Engineering is about tradeoffs—performance versus cost, proprietary versus open-source, efficiency versus flexibility. These dichotomies apply as much to data center computing technologies as anything else, from the infrastructure to the interconnects that stitch the data center together.

There are two competing philosophies that persist: integration versus modularity. Integration, often proprietary, has unique benefits and challenges compared to producing a functioning system with modules from different vendors.

Open-source collaboration, on the other hand, enables shared technological innovation at the risk of cutting into profitable, licensable patents. Technology companies have traditionally fallen on either side of that philosophical divide.

CXL Bridges the Gap

Compute Express Link (CXL), a data protocol created by the CXL Consortium, attempts to bridge the gap between the integration approach and open-source collaboration. By providing an open-standard cache-coherent link between processors, memory buffers, and accelerators, CXL enables data center fabrics comprised of interoperable elements from different vendors to freely share resources to tackle tough computational problems.
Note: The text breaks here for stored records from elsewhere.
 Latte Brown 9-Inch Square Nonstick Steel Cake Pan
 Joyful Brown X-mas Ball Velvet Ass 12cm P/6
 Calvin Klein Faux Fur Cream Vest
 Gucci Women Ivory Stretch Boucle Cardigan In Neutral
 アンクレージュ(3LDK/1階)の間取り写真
The protocol enables resource-sharing for efficient processing of the petabytes of data generated by emerging, processing-intensive technologies. If CXL becomes the industry standard, it will change how data centers enable emerging technologies such as automated intelligence, machine learning, edge computing, and many others.

What is CXL?

CXL is a relatively new interface technology that uses the physical electrical layer of Peripheral Component Interconnect Express (PCIe), but it features its own unique link and transfer layer protocols. CXL accomplishes this by taking advantage of Alternate Protocol Negotiation, a feature introduced in PCIe 5.0.

The new protocols provide high-bandwidth, low-latency links for computational accelerators and memory buffers. CXL is, in a way, a subgenre or an upgrade to PCIe tailored to high-performance computing applications. CXL links facilitate resource pooling between a CPU and specialized endpoint hardware for process-specific workloads while using the same familiar form factors of PCIe devices. 
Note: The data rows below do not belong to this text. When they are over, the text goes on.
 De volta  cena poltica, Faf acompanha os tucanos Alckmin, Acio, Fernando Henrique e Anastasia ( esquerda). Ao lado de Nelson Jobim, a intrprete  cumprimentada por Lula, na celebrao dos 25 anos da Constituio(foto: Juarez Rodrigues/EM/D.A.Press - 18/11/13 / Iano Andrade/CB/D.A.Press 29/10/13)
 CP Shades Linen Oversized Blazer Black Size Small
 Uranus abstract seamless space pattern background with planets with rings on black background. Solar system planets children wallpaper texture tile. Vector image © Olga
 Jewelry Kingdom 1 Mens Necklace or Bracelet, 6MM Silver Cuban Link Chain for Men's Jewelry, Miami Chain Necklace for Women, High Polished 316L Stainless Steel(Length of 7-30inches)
The CXL Consortium is an industry-backed open standards development group that consists of dozens of member companies from across the technology industry. Members include the biggest names in the semiconductor, memory, data center networking, and test and measurement industries. Like similar standards bodies such as the PCI-SIG and USB-IF, the member companies of the CXL Consortium are invested in defining an interface that enables hosts and endpoint devices to work together seamlessly.

Three Protocols and Device Types

CXL has three main protocols. CXL.io, required for all CXL devices, handles discovery, configuration, and interrupts like the PCIe transaction layer.

CXL.cache enables CXL accelerators to access CPU memory to ensure onboard cache is coherent, which is necessary for two devices to share computational resources, shown in Figure 1. CXL.memory allows for memory expansion devices (buffers), increasing available persistent memory, which operates at near-DRAM speeds with NAND-like non-volatility, shown in Figure 2. 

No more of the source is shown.